### The task
Produce one exact copy of the records, no pictures.

### Source data
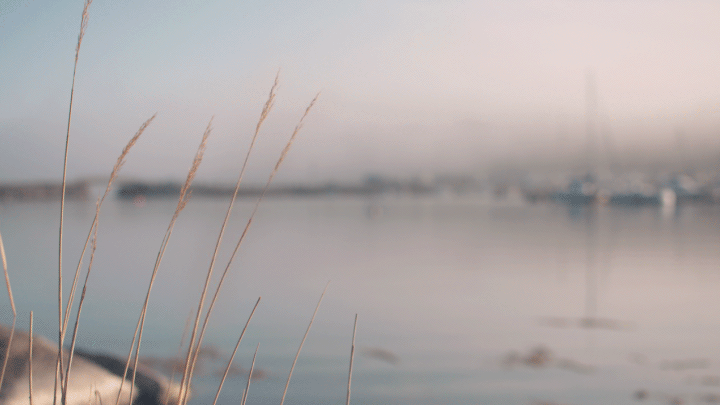 cinemagraph reeds water movement photoshop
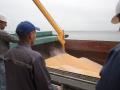 Україна в рамках "зернової угоди" експортувала 9 млн тонн агропродукції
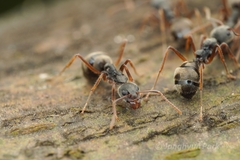 Dolichoderus affinis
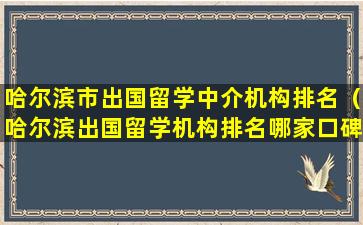 哈尔滨市出国留学中介机构排名（哈尔滨出国留学机构排名哪家口碑）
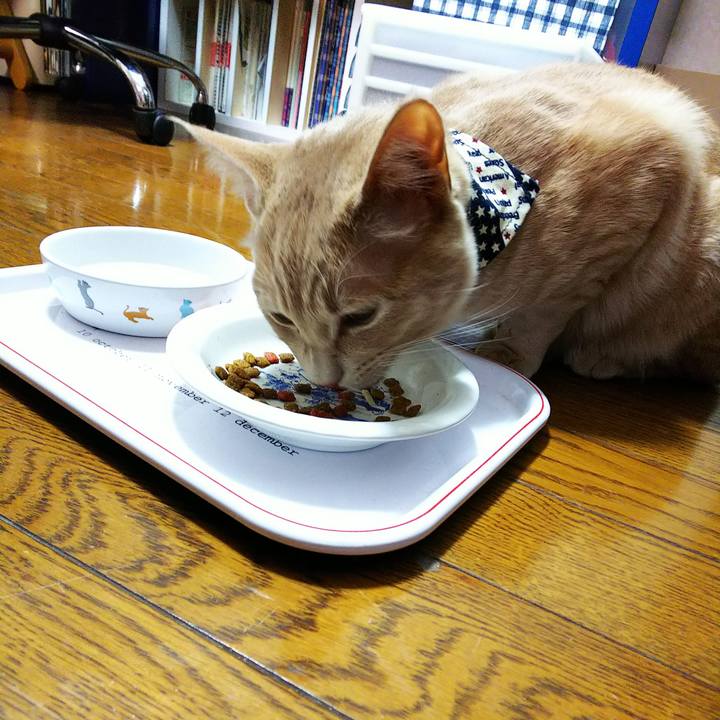 C35799ae a873 49f0 82a6 96acc17b1ef0 1550579216517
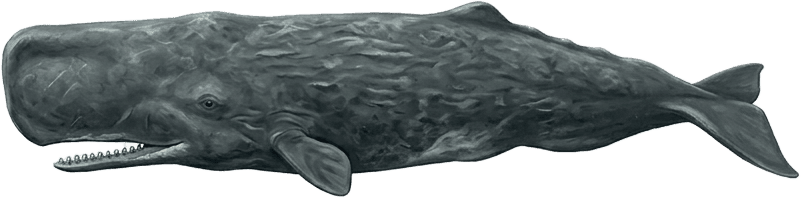 Painted specimen plate of a sperm whale, blunt head forward, submerged in side profile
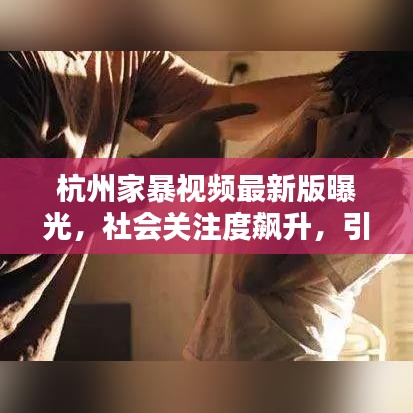 杭州家暴视频最新版曝光，社会关注度飙升，引发热议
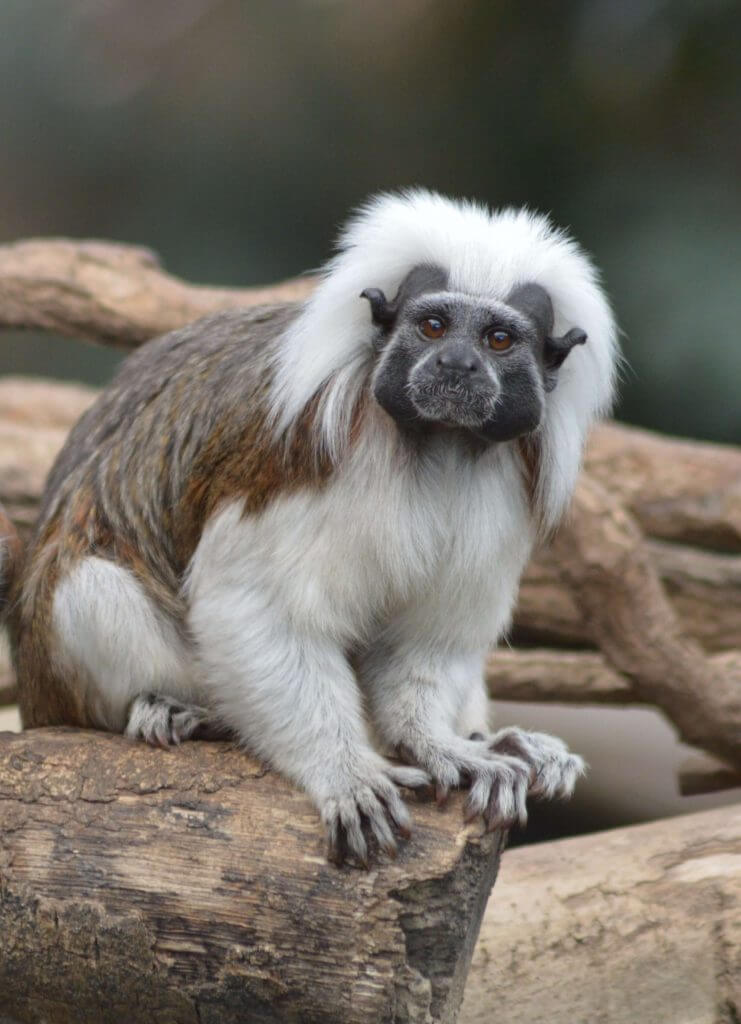 Tamarin pinché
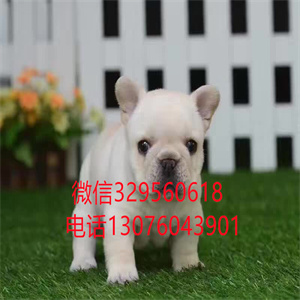 长春哪里卖法国斗牛犬多少钱 纯种斗牛犬法国斗牛犬出售 长春宠物交易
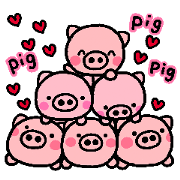 pig heart 3(English)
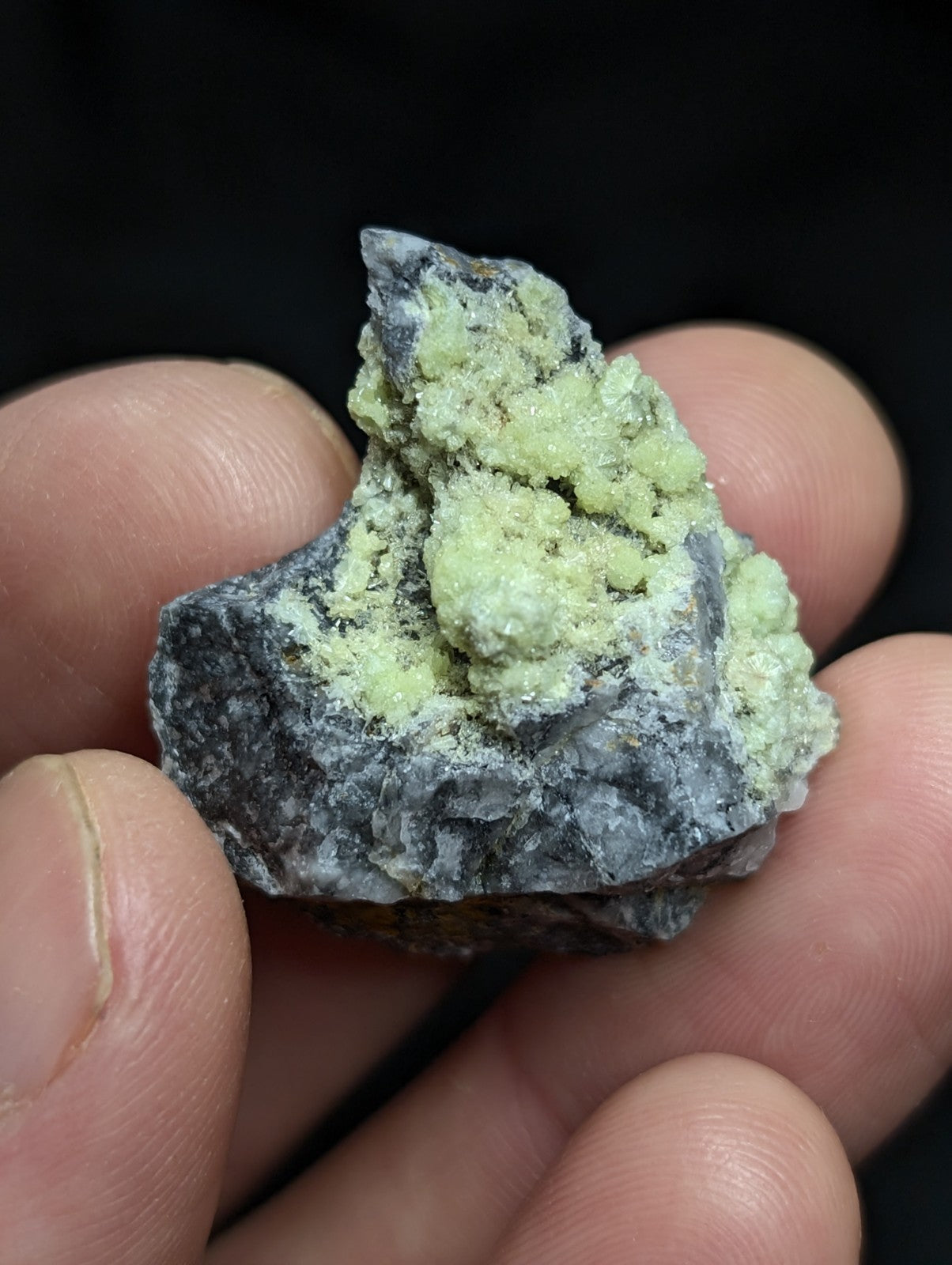A hand holds a dark gray rock specimen featuring prominent light green, crystalline formations.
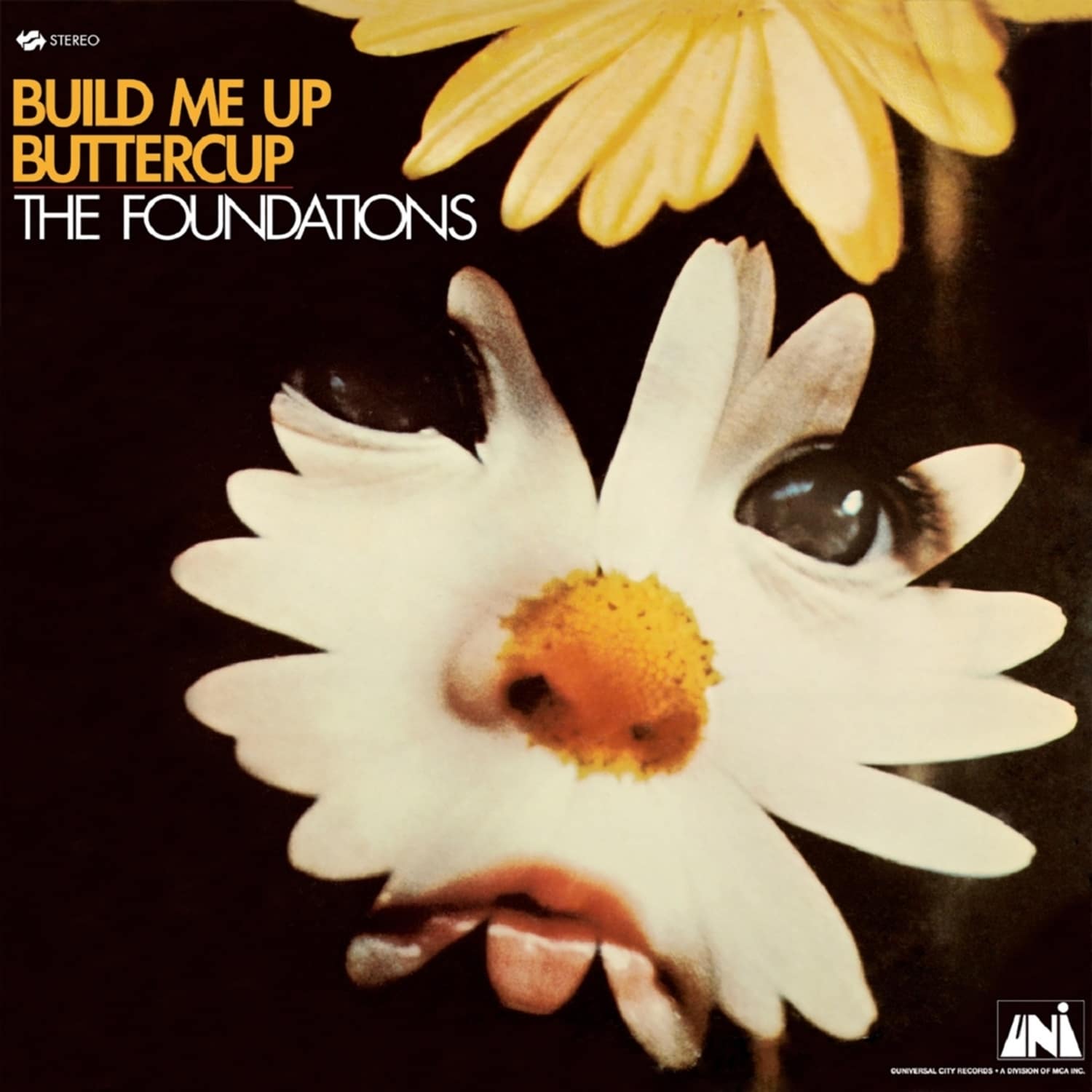 Foundations - BUILD ME UP BUTTERCUP 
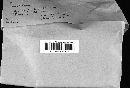 Image of Penicillium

### Solution for this problem
 cinemagraph reeds water movement photoshop
 Україна в рамках "зернової угоди" експортувала 9 млн тонн агропродукції
 Dolichoderus affinis
 哈尔滨市出国留学中介机构排名（哈尔滨出国留学机构排名哪家口碑）
 C35799ae a873 49f0 82a6 96acc17b1ef0 1550579216517
 Painted specimen plate of a sperm whale, blunt head forward, submerged in side profile
 杭州家暴视频最新版曝光，社会关注度飙升，引发热议
 Tamarin pinché
 长春哪里卖法国斗牛犬多少钱 纯种斗牛犬法国斗牛犬出售 长春宠物交易
 pig heart 3(English)
A hand holds a dark gray rock specimen featuring prominent light green, crystalline formations.
 Foundations - BUILD ME UP BUTTERCUP 
 Image of Penicillium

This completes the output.